Ne soyons pas naïfs. L’immigration qui vient d’Afrique subsaharienne nous dérange. A la fois parce qu’elle nous confronte à des cultures différentes et parce qu’elle est le fait de personnes majoritairement de confession musulmane. Or, nous constatons à la fois l’échec de l’intégration de vagues migratoires précédentes et la radicalisation rampante de quartiers qui vivent désormais sous d’autres lois que celles de la République. Quand, dans le même temps, ce qui a structuré au fil des siècles notre identité semble se déliter, des Français en nombre grandissant ressentent une réelle insécurité culturelle qui les conduit au repli sur soi et au rejet de l’autre.

Ce que révèle cette attitude de nos gouvernants comme celle de nombreux Français*, c’est la faiblesse de nos convictions, l’affaiblissement des valeurs qui étaient les nôtres. Cela souligne l’incapacité de nos élites qu’elles soient politiques ou intellectuelles à redonner corps à ces valeurs, à définir des politiques ambitieuses d’intégration comme de co-développement avec les pays d’origine. Alors, que faire d’autre que se replier sur un entre-soi rassurant lorsque l’on se sent faible et menacé ? C’est ce qui nous arrive, avec une honte bien vite balayée par d’autres préoccupations : la limitation de vitesse à 80km/h, l’avenir des pensions de réversion pour les veuves, ou encore la fin du conflit à la SNCF…

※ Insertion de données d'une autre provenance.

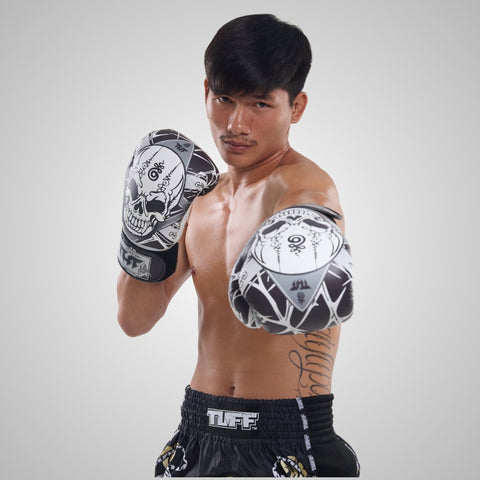 TUFF Muay Thai Boxing Skull Gloves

Dans nos montagnes, la fonte des neiges met à jour les corps sans vie de migrants qui avaient affronté l’hiver pour rejoindre notre Eldorado. Des migrants chassés des vallées et qui n’ont eu d’autre choix que d’affronter l’altitude. Ils l’ont démontré : rien ne les arrêtera. Ni la mer, ni les montagnes, ni les murs derrière lesquels nous nous réfugierons comme dans une prison. Des murs pour cacher notre honte, pour oublier que derrière, nous avons relégué une certaine idée de la Fraternité…

* Y compris nombre de catholiques, si l’on en croit une étude rendue publique cette semaine. Cette étude a été menée par l’IFOP à l’initiative de l’Eglise de France, du Secours Catholique, du CCFD-Terre Solidaire et du Service jésuite des réfugiés qui souhaitaient mieux connaître les perceptions et attitudes des catholiques à l’égard des migrants. Ainsi un tiers des fidèles s’opposerait à l’accueil des migrants tandis qu’un cinquième seulement souscrit sans restriction au message du Pape François en faveur de l’hospitalité.